Fashion retailing giant Macy’s has issued an advisory to customers that its website servers have been breached by hackers. The attack was initiated on October 7, and the company was notified about it on October 15.
Macy’s claims the attackers allegedly inserted an obfuscated script into the Checkout and My Wallet pages of the company’s shopping website and skimmed data as it was submitted.
“On October 15, 2019, we were alerted to a suspicious connection between macys.com and another website. Our security teams immediately began an investigation. Based on our investigation, we believe that on October 7, 2019, an unauthorized third party added unauthorized computer code to two (2) pages on [the Macy’s website].”

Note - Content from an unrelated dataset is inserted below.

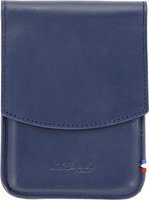 S.T. Dupont Zigarillo Etui Leder 8er blau Atelier CL (183120)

As to the data that was leaked, the company’s notice said hackers obtained full names and addresses. More importantly, the attackers also had access to payment card numbers, along with their associated security codes and expiration dates. However, the company does not believe the data will be used for identity theft.
“There is no reason to believe that this incident could be used by cybercriminals to open new accounts in your name,” the company told customers downplaying the severity of the attack. It wisely added, “Nonetheless, you should remain vigilant for incidents of financial fraud and identity theft by regularly reviewing your account statements and immediately reporting any suspicious activity to your card issuer.”
The way the hack worked is an inserted script on the compromised pages redirected traffic to a third-party server where the payment data was intercepted. This is known as a MageCart attack, named after the consortium of hackers that have used this technique to breach more than 17,000 other websites, including Newegg, Quest Diagnostics, and British Airways.
Since this method only skims data as it is submitted to the targeted website, not all customers were affected. Only those who visited and attempted to make purchases during the attack are at risk, which Macy’s claims is only a small number of its customers.
“We are aware of a data security incident involving a small number of our customers on [the website],” a Macy’s spokesperson told BleepingComputer, who broke the story. “We have investigated the matter thoroughly, addressed the cause, and have implemented additional security measures as a precaution. All impacted customers have been notified, and we are offering consumer protections to these customers at no cost.”
As soon as the company found out there had been customer data leaked, it contacted federal law enforcement authorities and employed “a leading class forensics firm” to help with the internal investigation. It has also sent out notifications to affected parties letting them know what they can do.
The only good thing about this incident is that, unlike a database breach, these pieces of data could only be stolen if the customer put them in the compromised pages. Unfortunately, those pages were the checkout page and the user Wallet page. Still, Macy’s claims that only a small percentage of its customers were affected and have already initiated countermeasures, including offering credit card monitoring for affected customers.